### Exercise aim
Every line of the material below should be output exactly as written, with the images skipped.

::: Stored data

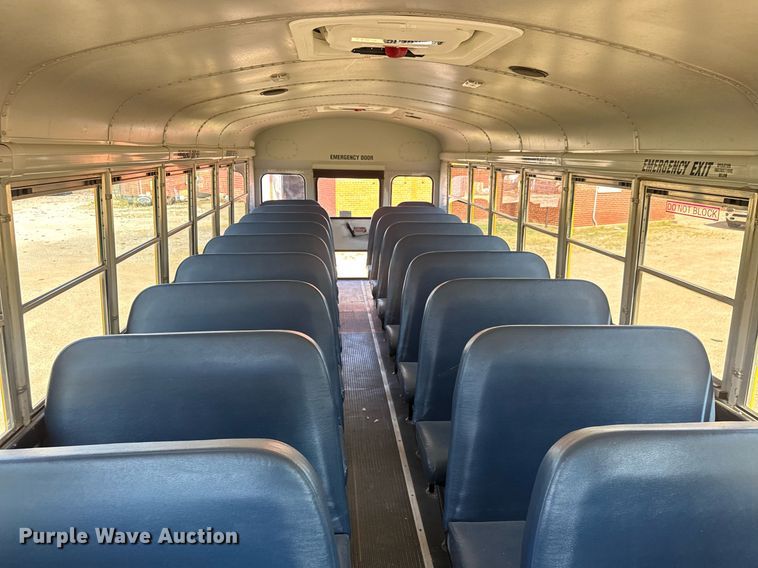 image for item DY0384 2006 Thomas Built school bus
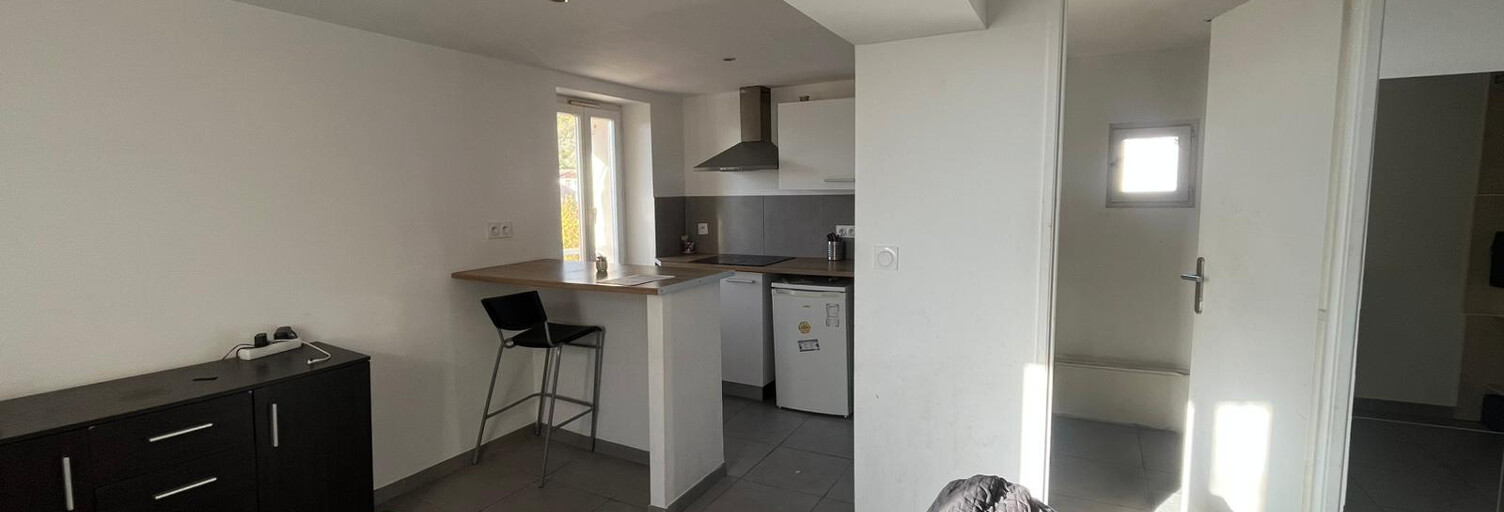 Appartement 1 Pièce 22 m² à louer à Cuers (83390)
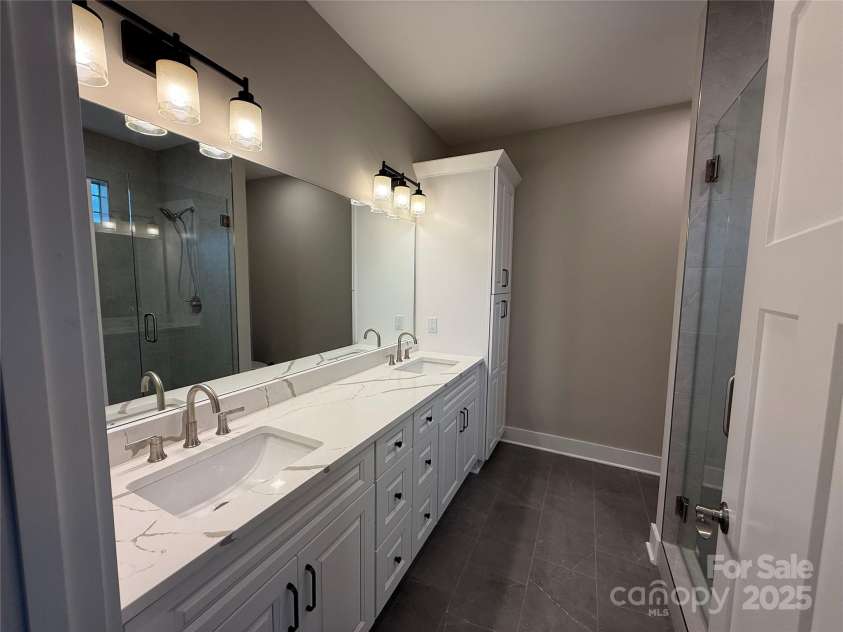 20 Craftsman Overlook Ridge, Arden, NC 28704.  MLS# CAR4201077, YatesRealty ID 14795. 
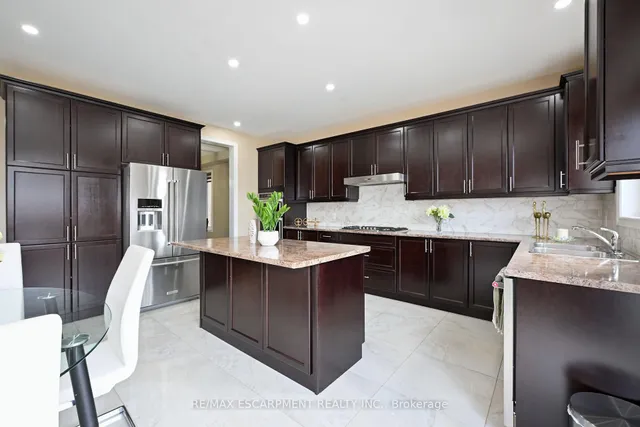 Additional property image - 71 Chaumont Dr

::::::

### Task response
 image for item DY0384 2006 Thomas Built school bus
 Appartement 1 Pièce 22 m² à louer à Cuers (83390)
 20 Craftsman Overlook Ridge, Arden, NC 28704.  MLS# CAR4201077, YatesRealty ID 14795. 
 Additional property image - 71 Chaumont Dr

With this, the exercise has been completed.